**TASK DESCRIPTION:** Exactly as written, transcribe the data from its opening line through the line containing "Assiette principale en". Leave every picture out.

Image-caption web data
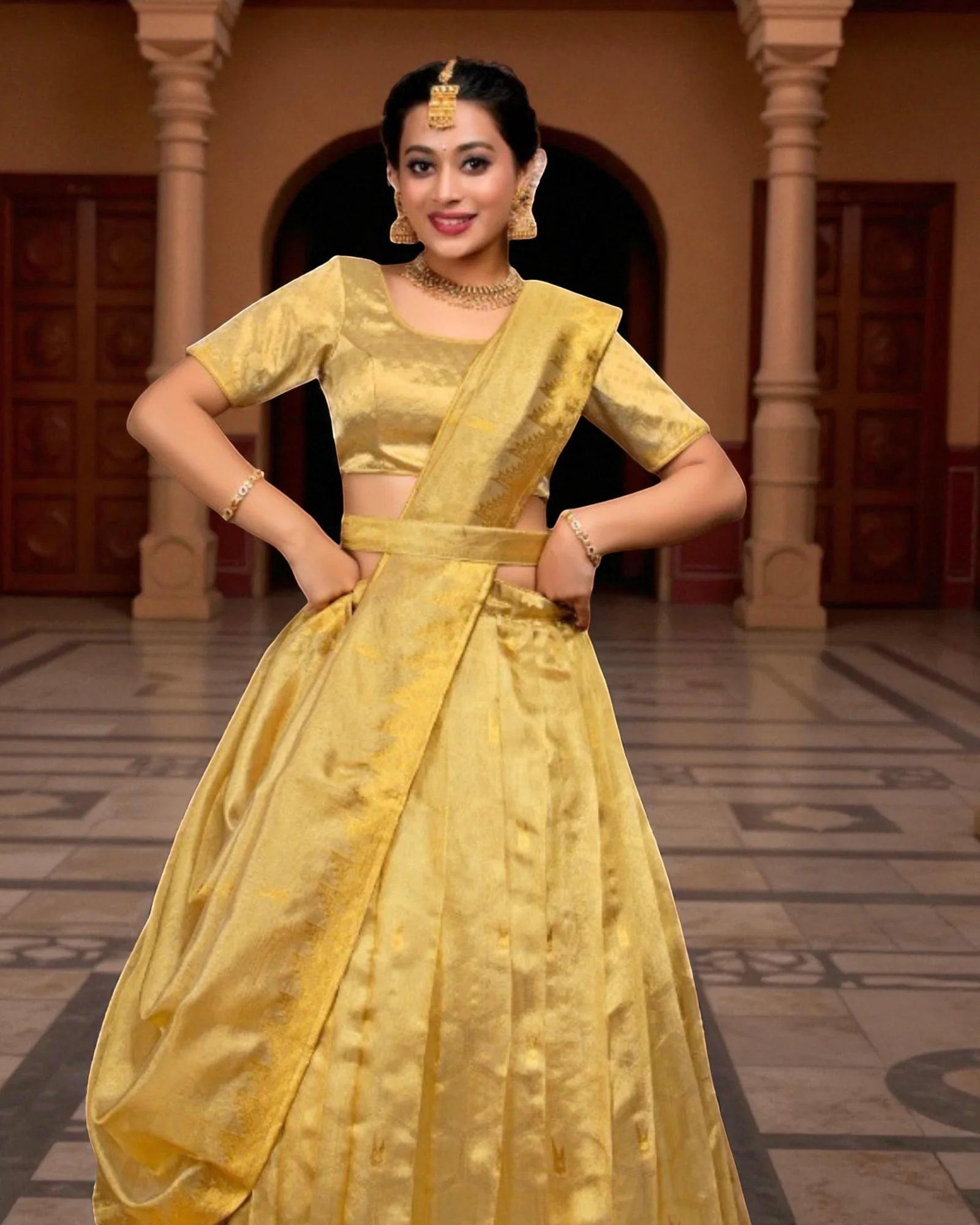 Semi Stitched Gold Zari Half Saree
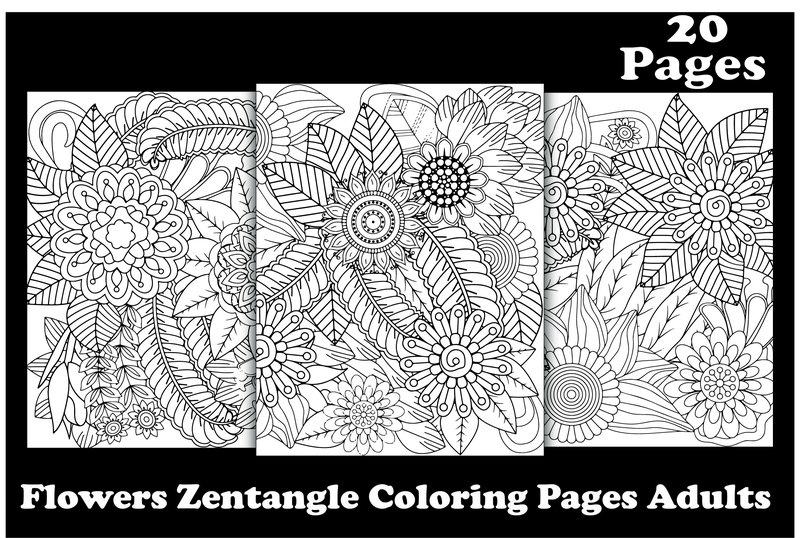 Flowers Zentangle Coloring Pages Adults (by (US) Design Studio)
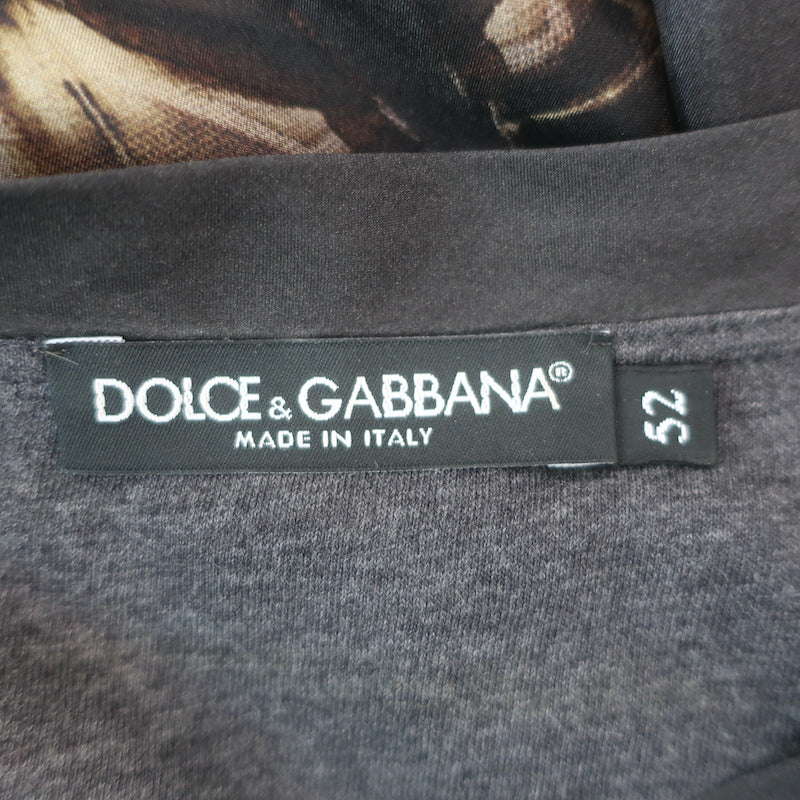 Dolce &amp; Gabbana Medieval Armor Print Long Sleeve Shirt Black Satin Size 52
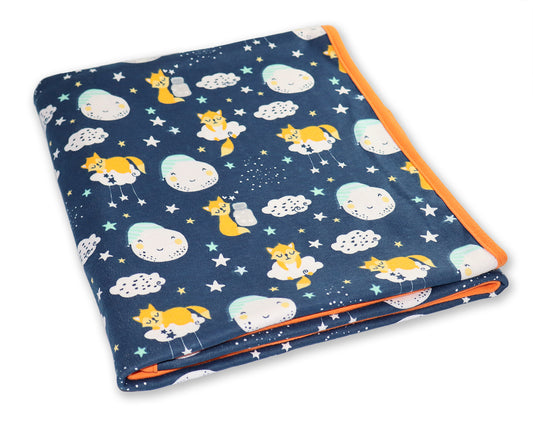 New Born Baby Cosmic Night Stylish Cotton Hooded Blanket for Baby boy and Girl | for 0 to 12 Months (Pack of 1) (Dark Blue)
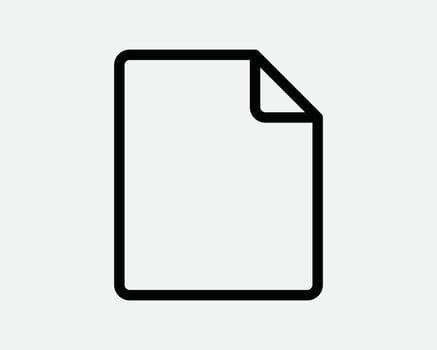 File Icon Folder Document Paper Sheet Blank Empty Note Notepad Contract Memo Text Form App Black White Outline Thin Line Shape Sign Symbol EPS Vector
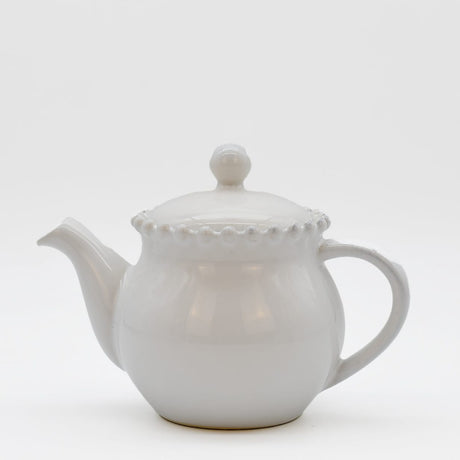Assiette principale en grès 27cm I Vaisselle portugaise Théière en grès "Pearl"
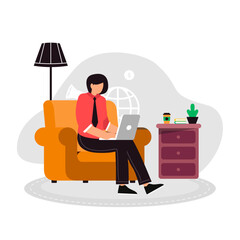 businesswoman sitting on sofa working with her laptop on her lap. work from home vector illustrations.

**RESULT BELOW:**
 Semi Stitched Gold Zari Half Saree
 Flowers Zentangle Coloring Pages Adults (by (US) Design Studio)
 Dolce &amp; Gabbana Medieval Armor Print Long Sleeve Shirt Black Satin Size 52
 New Born Baby Cosmic Night Stylish Cotton Hooded Blanket for Baby boy and Girl | for 0 to 12 Months (Pack of 1) (Dark Blue)
 File Icon Folder Document Paper Sheet Blank Empty Note Notepad Contract Memo Text Form App Black White Outline Thin Line Shape Sign Symbol EPS Vector
Assiette principale en grès 27cm I Vaisselle portugaise Théière en grès "Pearl"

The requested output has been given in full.